I just heard about the 875/905. But they're still not listed on the Onkyo website and Crutchfield doesn't list'em either! Can't imagine that they're that much off the radar. Still the 875 seems like a better choice than the 805 if you've got the set and source to see the difference. 

Mark Santora


----------



## Guest (Aug 10, 2007)

I have the 905 now. Try the Onkyo site again it is on there. I got mine from One Call.


----------



## Sonnie (Apr 11, 2006)

How about a users review thread of that new 905 Tommy? Thanks!


----------



## Guest (Sep 6, 2007)

Be glad to! Please see the review under "Home Theater Components"


----------



## Guest (Feb 7, 2008)

My tv will say no signal when I change the resolution to 720p on my onkyo605. It only works on auto. Any answers please


----------



## Guest (Feb 7, 2008)

My tv will say no signal when I change the resolution to 720p on my onkyo605. It only works on auto. can anyone help


----------



## Guest (Feb 20, 2008)

I got one a week ago. I replaced an 8 year old Yamaha receiver that really sounded amazing with my 8 year old Boston Acoustics surround system. I noticed the Onkyo plays very nice sound, but it feels underpowered. There is little base and at higher volumes I hear distortion. What is causing this? I only dropped 10 watts per channel. I like all the video connectivity and quality, which is why I bought it in the first place. Since I was lacking low-end sound, I bought a Klipsch KSW-10 sub that has received great reviews. I get almost no sound from the sub. I am expecting room rumbling with this setup. What gives? Any help is much appreciated. 

I ran the Audessey setup and it completed successfully for my 5.1 system.


----------



## Sonnie (Apr 11, 2006)

Hi Dean and welcome to the Shack!

It could be any number of things causing your problem.

First of all, how big is your room and does it open up into other rooms?

Second, I would not expect too much rumble with that Klipsch sub since it is only rated to 29Hz and only uses a 55 watt amp. 

You can check your sub pre-out level and make sure it is not too low.

You may have a null where the sub is located... try moving it around if possible and see if the sound improves.

Where is the sub currently located?

One thing that would help us determine what is going on is seeing some frequency response graphs of your room from your main listening position... particularly in the low end range. I would suggest visiting our REW Forum and checking out REW and how it works. REW is free to download and that forum is dedicated to helping you set it up and measure the response of your room.  I would measure without Audyssey engaged and again with Audyssey engaged. Measure the low end range of 20Hz - 200Hz and full range as well.

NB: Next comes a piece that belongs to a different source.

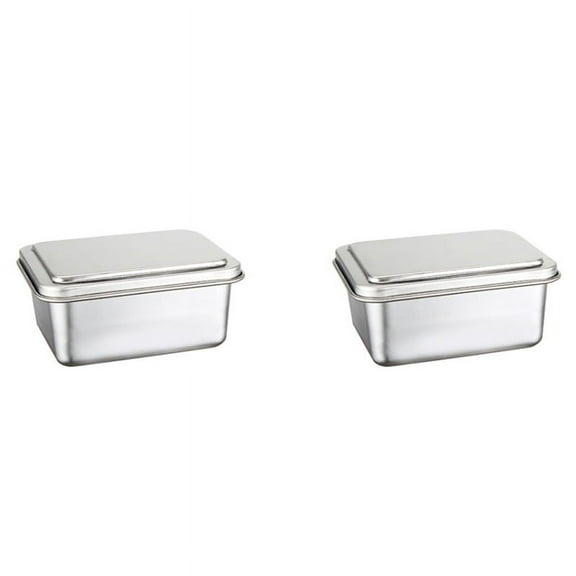 2X Stainless Steel -Keeping Box Storage Box with Lid Food Storage Box Cooking Ingredient Packaging Box, B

This is probably going to be much more of an issue than merely the receiver. You will need to start a new thread so that we do not derail this one. :T


----------



## DIYHT1 (Oct 29, 2007)

I'll add myself to the list of 605 owners.... to my very untrained ear I'm very happy with it, I have 2 subs (one behind couch is same brand as yours & it does shake, 0db) connected.


----------



## Guest (Apr 2, 2008)

I would like to hook-up the video and audio from my Dell computer to my Onkyo Receiver TX-SR605 receiver and thus a 7.1 surround sound system hooked up to a Samsung LN-T5781F 57" LCD Flat Screen. The purpose is to play video games, saved on my PC, I have onto the LCD Flat Screen with possible surround sound.

Sound Card: Creative SB Live
Video Card: Radeon X1300/X1550 Series

Questions:

1- What is the best audio and video cable connection configuration to do the job. Attachment shows a picture of the back of my computer (sound card on top and video card on bottom)?



2- Do I have to change the sound card to transfer 7.1 surround sound to receiver?

3- Do the PC games have to be in surround sound? How do I know if they are?

The Onkyo receiver has the following inputs:

HDMI
component video in
S-Video in
Optical Digital in
Coaxial Digital in


----------



## tbase1 (Nov 10, 2006)

I went from the panasonic XR-57 to the Onkyo SR605 and it was a night to day move. I won my 605 on fleabay for $33.00. I had to buy the audio cal. mic and remote ,but that total was $53.00. There is a scratch and dent company that had a couple. They said my dvd input and rear speakers was bad ,but they had the hdmi and component on and the zone two speakers on ,so the rear speakers amp's go to zone 2. I'm trying to work a deal to get more ,because it sounds like someone that works for their company can't trouble shoot equipment or even understands how sound and video is sent through a receiver.


----------



## eugovector (Sep 4, 2006)

Wow, nicely done. Leave some for the rest of us.


----------



## tbase1 (Nov 10, 2006)

Thanks.....now it's time to setup zone two via a tube intergrated amp. If i run to it I'll keep my rear speakers for 7.1. I have a Visa audio/video setup for up stairs through the 605 when the wife wants to check out some good old 80's tunes. If i go vga to component video to the tv up stairs she can use my 2.4 gig keyboard to get to the tunes. This is my cheap mans method of controlling music up stairs and still watch movies in the HTR.


----------